Capacitively coupled pickup in MCP-based photodetectors using a conductive metallic anode

TL;DR

This paper presents a novel capacitively coupled internal anode design for MCP-based photodetectors, enabling high-bandwidth signal pickup without electrical connections through the vacuum package.

Contribution

The authors introduce a robust, capacitively coupled internal anode with a multi-channel pickup array that maintains high bandwidth and can be easily customized for various applications.

Findings

Achieved 80% of directly coupled amplitude with pad pattern

Maintained fast pulse rise-time for both pickup patterns

Demonstrated high bandwidth and physical decoupling benefits

Abstract

We have designed and tested a robust 20 $\times$ 20 cm$^2$ thin metal film internal anode capacitively coupled to an external array of signal pads or micro-strips for use in fast microchannel plate photodetectors. The internal anode, in this case a 10nm-thick NiCr film deposited on a 96% pure Al$_2$O$_3$ 3mm-thick ceramic plate and connected to HV ground, provides the return path for the electron cascade charge. The multi-channel pickup array consists of a printed-circuit card or glass plate with metal signal pickups on one side and the signal ground plane on the other. The pickup can be put in close proximity to the bottom outer surface of the sealed photodetector, with no electrical connections through the photodetector hermetic vacuum package other than a single ground connection to the internal anode. Two pickup patterns were tested using a small commercial MCP-PMT as the signal source: 1) parallel 50$\Omega$ 25-cm-long micro-strips with an analog bandwidth of 1.5 GHz, and 2) a 20 $\times$ 20 cm$^2$ array of 2-dimensional square `pads' with sides of 1.27 cm or 2.54 cm.

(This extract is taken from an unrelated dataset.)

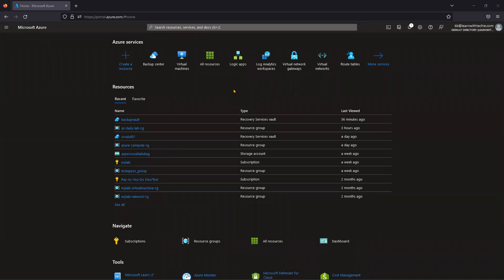Hi everyone, my name is Kiran. Today I'm going to explain how to generate backup reports from Recovery Services Vault if you are using Azure Backup, a Microsoft native Azure backup tool, and what details or parameters we will get from that report.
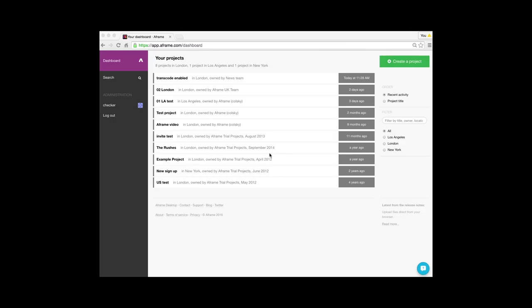So here I've arrived on my dashboard, so the first thing I need to do is choose the project I want the collection in.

The rise-time of the fast input pulse is maintained for both pickup patterns. For the pad pattern, we observe 80% of the directly coupled amplitude. For the strip pattern we measure 34% of the directly coupled amplitude on the central strip of a broadened signal. The physical decoupling of the photodetector from the pickup pattern allows easy customization for different applications while maintaining high analog bandwidth.